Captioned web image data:
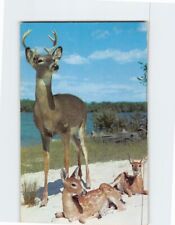 Postcard The Majestic Buck walks up to survey his two young sons USA picture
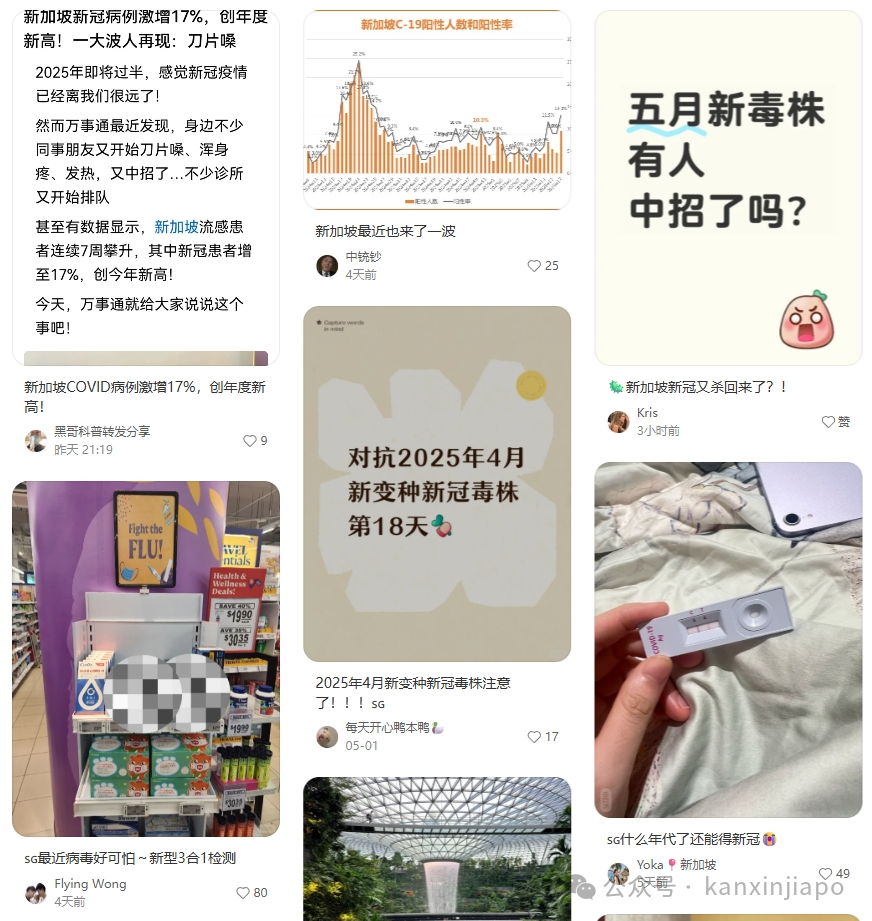 新加坡一周14000例！新冠病例创2025年新高，儿童占比最高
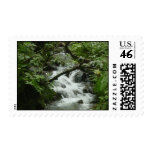 Tropical Stream Postage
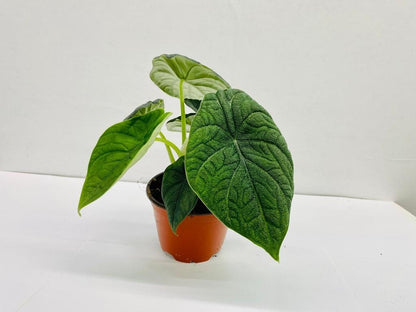 Baby Plant/4"/6" Alocasia Rugosa Melo *RARE COLLECTIBLES*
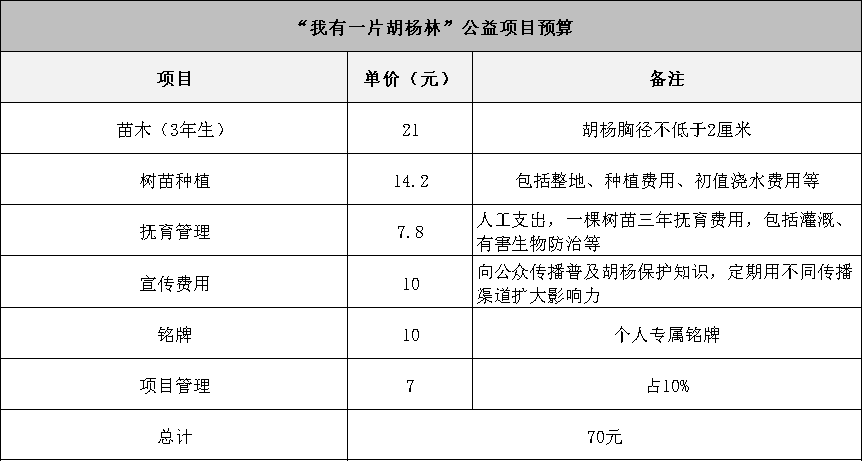 胡杨新疆项目预算.png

_TASK:_ The answer must be an exact copy of the records, with no images in it.

_OUTPUT:_
 Postcard The Majestic Buck walks up to survey his two young sons USA picture
 新加坡一周14000例！新冠病例创2025年新高，儿童占比最高
 Tropical Stream Postage
 Baby Plant/4"/6" Alocasia Rugosa Melo *RARE COLLECTIBLES*
 胡杨新疆项目预算.png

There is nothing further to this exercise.